When I take her on track I'll be getting a proper mount...


----------



## bidderman1969 (Oct 20, 2006)

thats not too bad then, maybe i just sound like an oldie, lol


----------



## downhuman (Mar 25, 2007)

.. .. deleted .. ..


----------



## bidderman1969 (Oct 20, 2006)

now i dont mind that because theres no-one else around, judging by the video, late at night, lol


----------



## GaryF1 (Jun 4, 2008)

Cracking Car! 

I've a soft spot for the Puma!


----------



## Nick_S (Dec 20, 2008)

Superb work! Such a unique car to :thumb:


----------



## Hotwheels (Dec 6, 2008)

Good work on the car as i am an FRP fan.


----------



## rapidseven (Apr 26, 2007)

We rarely see interiors on the forum, its all exterior madness !!

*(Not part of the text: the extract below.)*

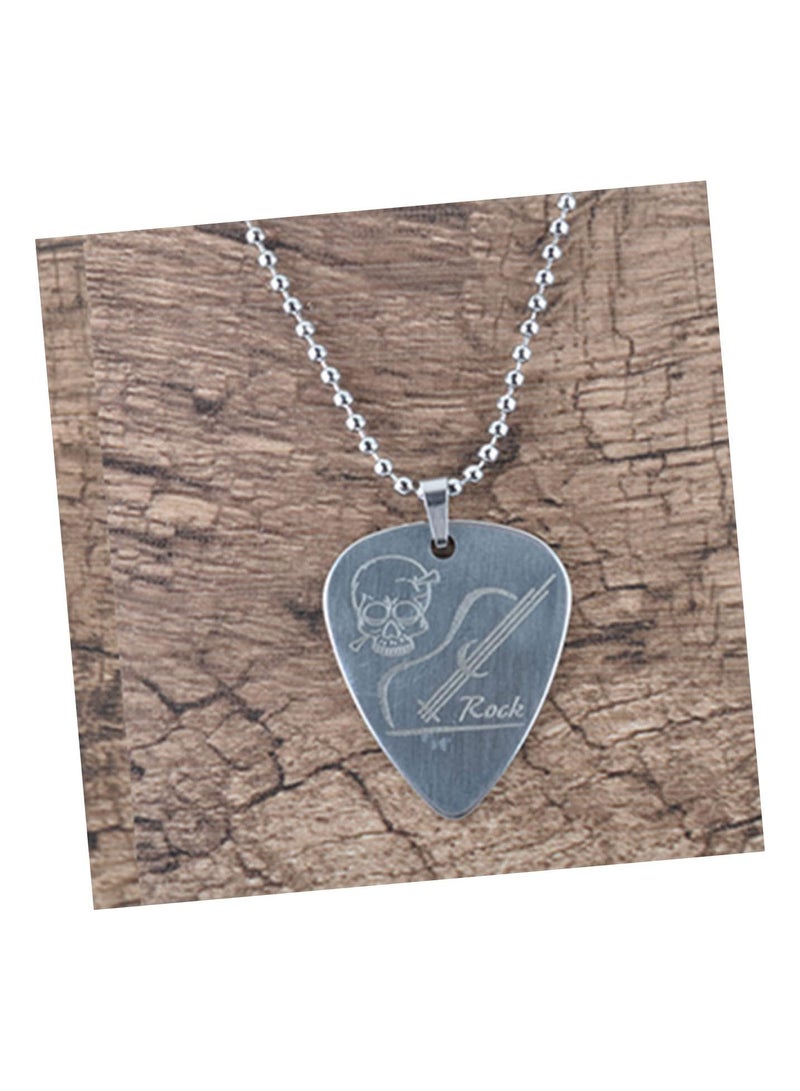 GGOOT guitar thumb picks music pendant necklace electric guitar picks Musician Jewelry Gift plectrum guitar bass plectrum Personalized Pendant Gift music band funny woman Note Fashion Silver Medium - Image 3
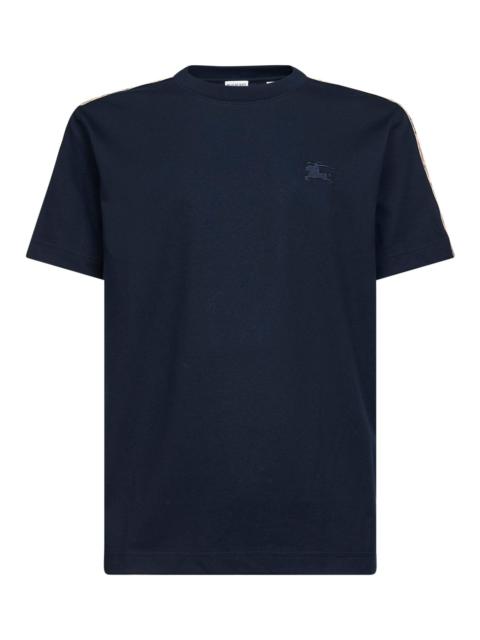 Burberry Burberry Men Blue Cotton T-Shirt With Check Trims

Like the job on the inside, very good.

The FRP's sound very similar to the H22 Vtec's imo


----------



## pooma (Apr 12, 2008)

Nice work, I am loving this car.


----------



## Maxym (Apr 27, 2007)

Excllent. Cracking result.

Those Racing Pumas look the dogs. Ordinary ones look, well, just odd... Nice choice.


----------



## spooj (Mar 29, 2008)

i lovew imperial blue(or ford racing blue if you are a ford ad exec lol).
utterly stunning colour to work with.i must have run thru every combo to find the best couple it reacted to.

FRP's are such a unique motor.never known anyone who didnt tip there hat at them.
cracking job there mate you really have brought out the best in its curves with that correction/detail.


----------



## Mr Face Jr (Feb 20, 2009)

Well done!


----------